あんなにつるつるピカピカだったのに、もう傷だらけである。まだはめて二か月程度しか経っていないはずなのに。
なんだか悲しいなぁと思って、両親に相談したら、「指輪なんてそんなもんだ」と教えてくれた。
父がずっとはめている指輪は、結婚指輪と、亡くなった祖母の指輪の二つだが、どちらも見事に傷だらけであった。
父の指輪を見て、こうして傷を増やしていくことも悪いことではなさそうだ、と感じた。
「ちなみに、わたしのはピカピカだよ」母はけらけらとそう笑った。
母は手荒れがひどい体質で、指輪をはめられないため、結婚以来大事にしまってあるそうだ。
「昔、あんたが小さかったころ」母はコーヒーを飲みながら語りだした。「指輪無くしちゃったことがあって」
「あったなぁ。そんなこと」父も思い出したのか笑った。
「小さいあんたが指輪の入ってる箱を空けて、指輪を触ってたのは見たんだけど、次に箱をあけたときには、中に指輪が入ってなくて」
「どうしたの?」私は腰を上げて聞いた。
指輪を無くしたなんて言ったら、当時の父は激怒するだろう。今は丸くなってきたが、我が家の父は非常に厳しかったのだ。

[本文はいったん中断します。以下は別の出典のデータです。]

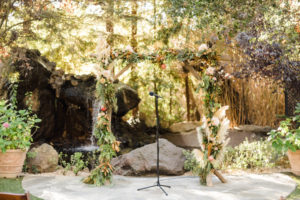 A chic rustic wedding ceremony at Calamigos Ranch, pampas grass floral arch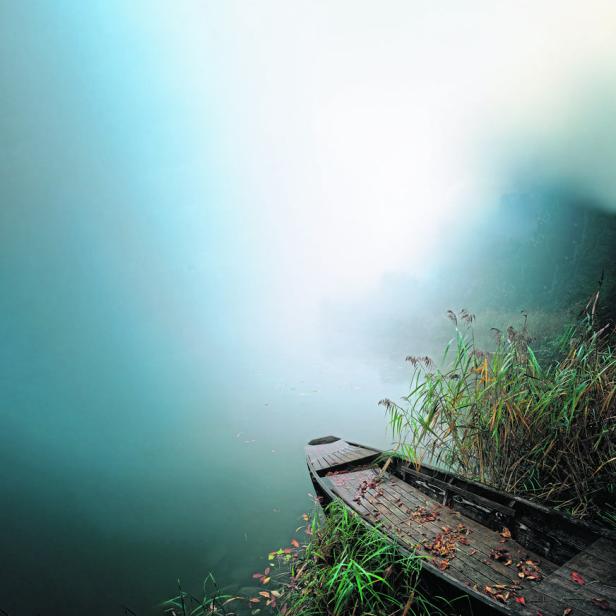 Ein verlassenes Holzboot liegt am Ufer eines nebligen Sees.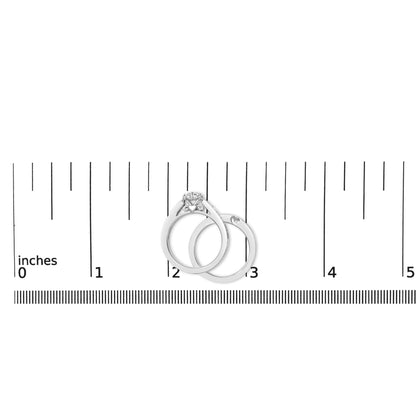Two white metal rings with round white gemstones in prong settings, shown on a scale, photographed from the top angle.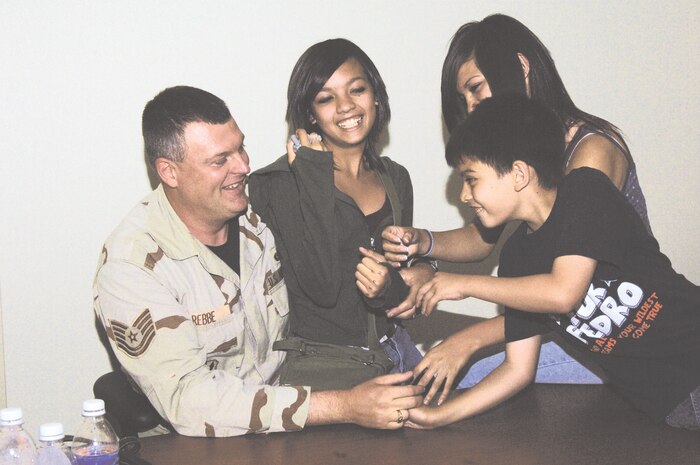Anne Rebbe (middle) fights to keep the text message she just received private as her brother, Andrew, and sister, Ashley, try to pry the cell phone from her hand. Watching the sibling rivalry is their dad, Tech Sgt. Freidrick Rebbe, who was waiting for his plane to depart Nellis Air Force Base June 2. He is one of 70 members of the 99th Security Forces Squadron who deployed to Iraq.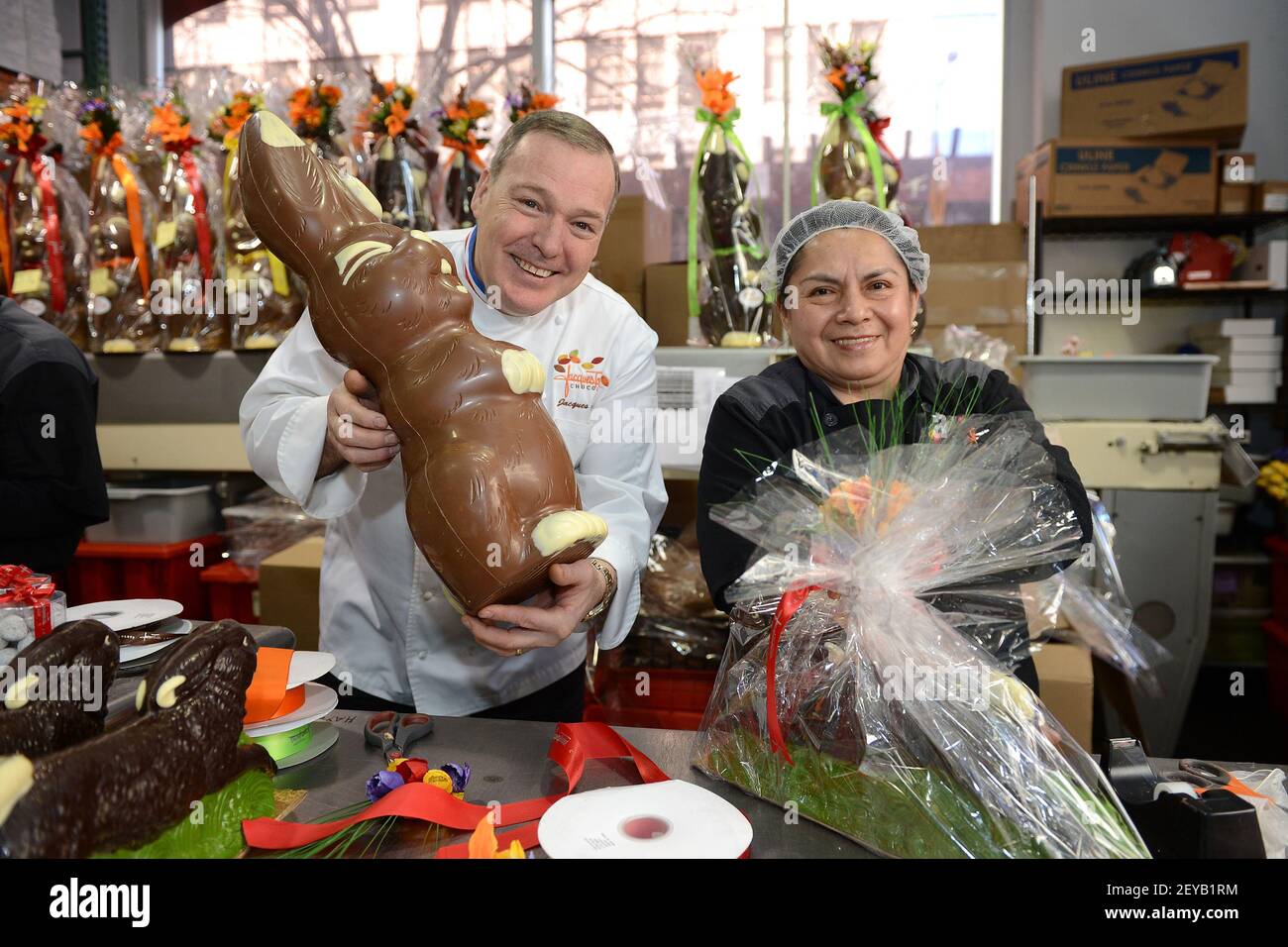 Chocolatier Jacques Torres poses next to Maria Calle, chocolatier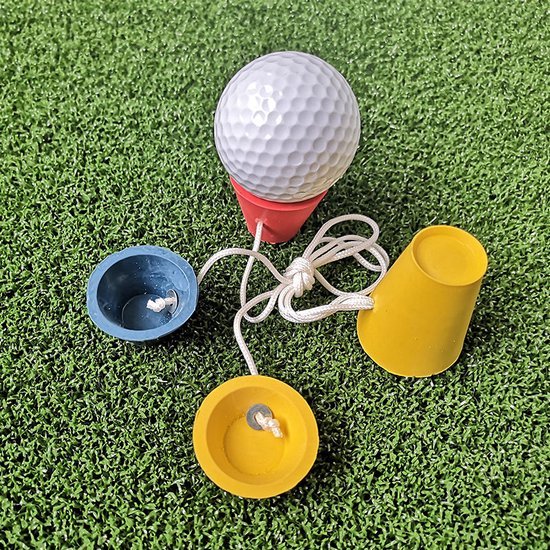 Golfbal op een rode tee, omringd door losse blauwe en gele tees, op groen kunstgras.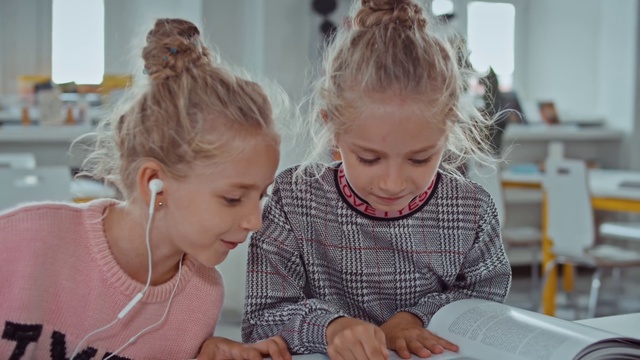 Video Reference: Child, Learning, Room, Adaptation, Classroom, Homework, Reading, Education, Student, Ear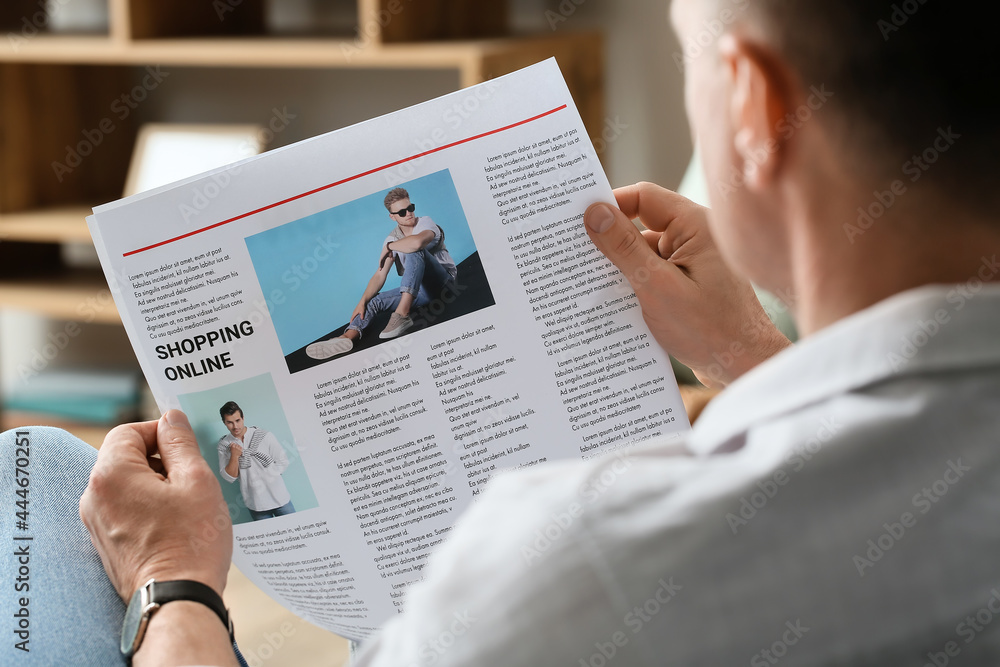 Mature man reading newspaper at home, closeup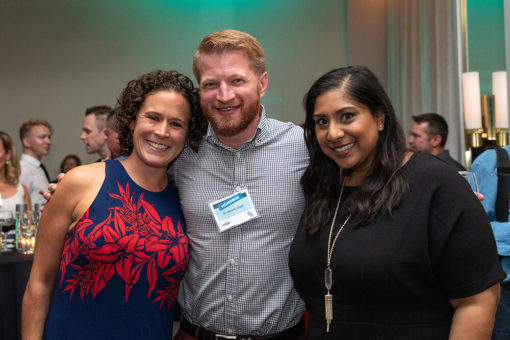 honorees Drs. Charlie Clark (center) and Onika Patel (right) with Dr. Clark’s wife, Jessica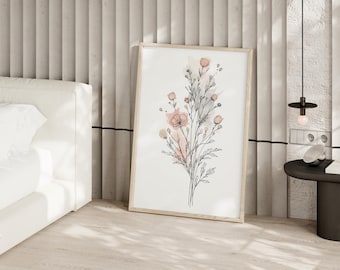 May include: A framed wall art print featuring a black line drawing of a wildflower bouquet with soft, muted pink watercolor accents. The artwork is displayed in a light-colored wooden frame, showcasing delicate stems, leaves, and small flower buds.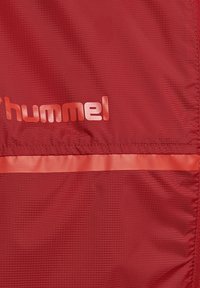Rood gestructureerde stof met een horizontale glanzende streep en gedeeltelijke "hummel" merklogo in glanzende letters.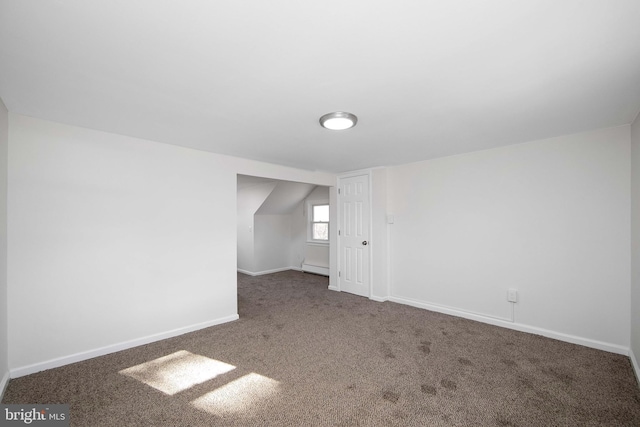 empty room with a baseboard radiator, vaulted ceiling, baseboards, and carpet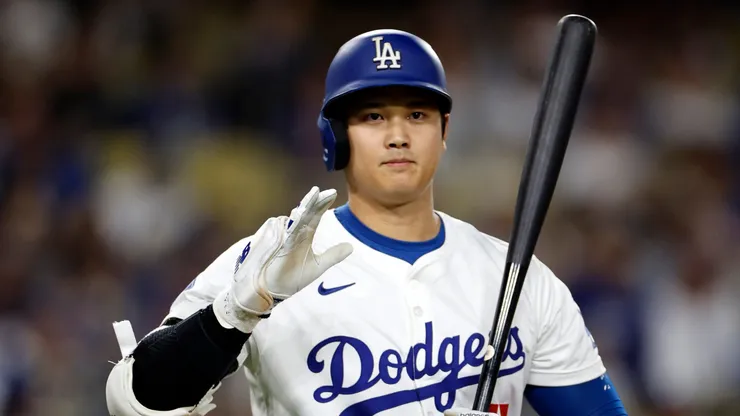 Shohei Ohtani #17 of the Los Angeles Dodgers salutes the San Diego Padres dugout as we walks up to bat during the first inning at Dodger Stadium on September 26, 2024 in Los Angeles, California.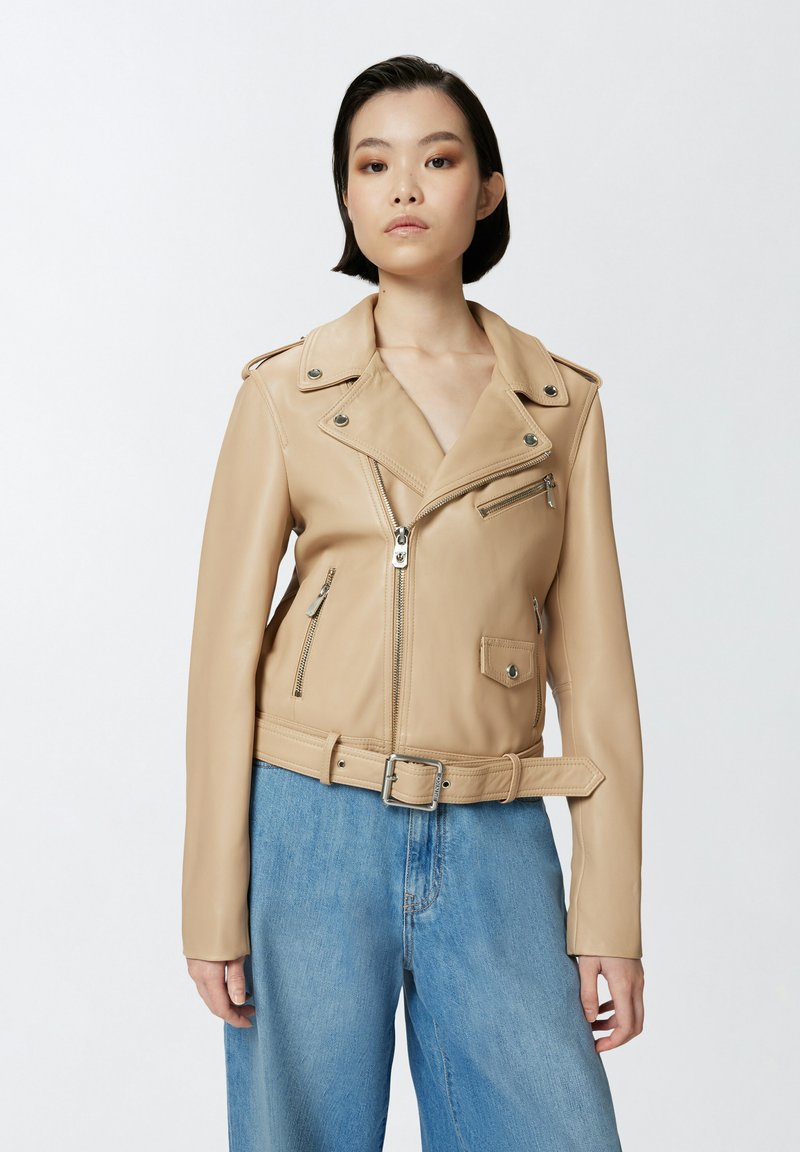 Chaqueta de motorista de cuero marrón claro con cuello de solapa, bolsillos con cremallera y cintura con cinturón. Textura suave y diseño ajustado. Combinada con pantalones de pierna ancha azules.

「うわー、この子どっかにやっちゃったんだと思って。どこ探してもないし」
「で?」
「でね、指輪の入ってる箱、もう一回空けたの。そしたら、箱の中からカラカラ音がするのよ」
「最初から無くしてなかったの?」
「そう!」
指輪の箱は二重になっているようだ。台座の部分から指輪を押し込むと、箱の内部へ中へ落ちる構造になっている。
「で台座のところを開けて、中から出したの。もう生きた心地がしなかったわ」
「今は?」
「大事にしまってあるよ!」母は再び大笑いした。